Halkides: Compositional Bullet Lead Analysis, Minute Numbers with Infinitesimal Meaning

Ed. Note: Chris Halkides has been kind enough to try to make us lawyers smarter by dumbing down science enough that we have a small chance of understanding how it’s being used to wrongfully convict and, in some cases, execute defendants. Chris graduated from the University of Wisconsin-Madison with a Ph.D. in biochemistry, and teaches biochemistry, organic chemistry, and forensic chemistry at the University of North Carolina, Wilmington.

At James Otto Earhart’s trial for the murder of Kandy Kirtland, compositional (comparative) bullet lead analysis (CBLA) was used to conclude that the bullets seized from his home and car were “analytically indistinguishable” from one found with her body. FBI agent John Riley testified that he could determine whether or not bullets are from the same box of ammunition.

With respect to all of the 0.22 caliber bullets manufactured in one year, he testified the probability that two 0.22 caliber bullets came from the same batch is approximately 0.000025%, give or take a zero.  Upon cross examination, he conceded that he had not taken into account the fact that there were three kinds of 0.22 caliber bullets. Despite having little other probative evidence, the jury convicted Mr. Earhart of Kandy’s murder and he was sentenced to death. Even during Mr. Earhart’s appeals, it would have been difficult to find an expert to question CBLA. Justice, however, was not served.
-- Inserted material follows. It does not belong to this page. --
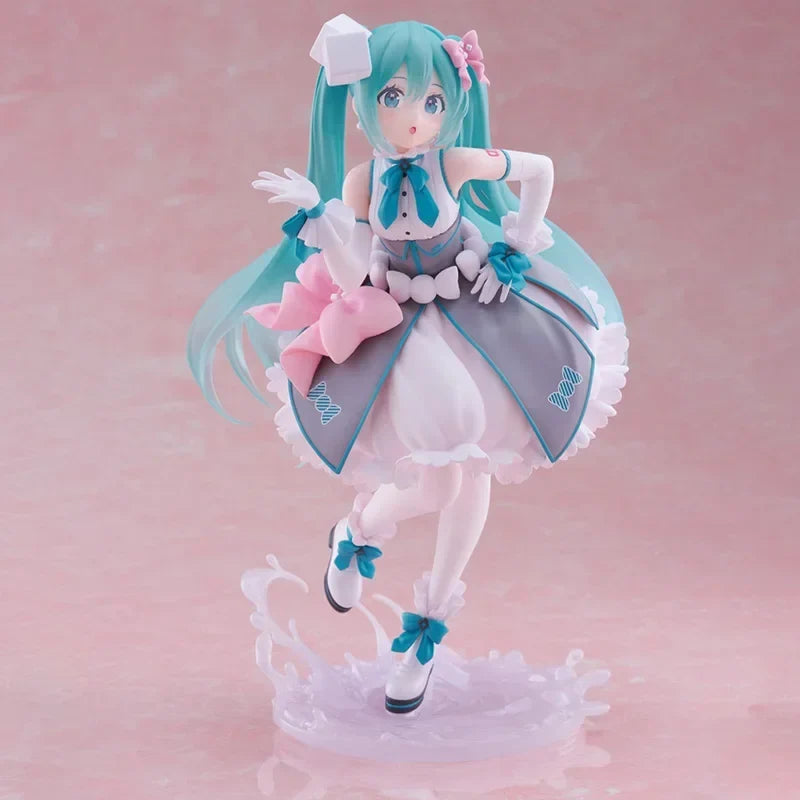 Taito Original Genuine Vocaloid Singer Hatsune Miku 39 No Hi Kinen Kuji 2nd Season B Prize Melty Sugar Ver 18cm Model Toy Figure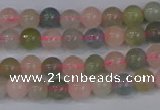 CMG171 15.5 inches 6mm round morganite gemstone beads wholesale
CBLA can be divided into three phases: analysis, grouping, and inference. The analysis phase uses neutron activation analysis (NAA) or inductively coupled plasma atomic emission spectroscopy (ICPAES) to determine the amounts of up to seven elements found in trace amounts in lead bullets. If the seven elements were found in the same concentrations within error, then the reference and questioned samples were analytically indistinguishable. Both NAA and ICPAES are used in various branches of chemistry and are noncontroversial.

The grouping phase, in which bullets were declared analytically indistinguishable or distinguishable, was more questionable but could have been fixed. The FBI used three different statistical procedures, two-standard deviation test, a range test, and data chaining, the first and third of which probably overstated the strength of the evidence. Data chaining, at the very least, misleads the unwary, but it also increases the chances of false matching. Suppose that bullet A matched bullet B; bullet B matched bullet C; and bullet C did not match bullet A. Yet bullet C could be said to match the group made up of A and B and thus match A. The National Research Council recommended dropping these methods in favor of the successive t-test approach or the T2 test statistic.

However, what prevents CBLA from being a salvageable forensic technique are the four assumptions that underlie the inference phase:

(1) The forensic specimen (about 50 milligrams) is a representative sample;
(2) The hundred-ton batches of lead were homogeneous.
(3) No two molten sources are ever produced with the same composition.
(4) Bullets were distributed in retail markets in a way as to make it unlikely that a chemical concentration of bullets was common in any geographical area.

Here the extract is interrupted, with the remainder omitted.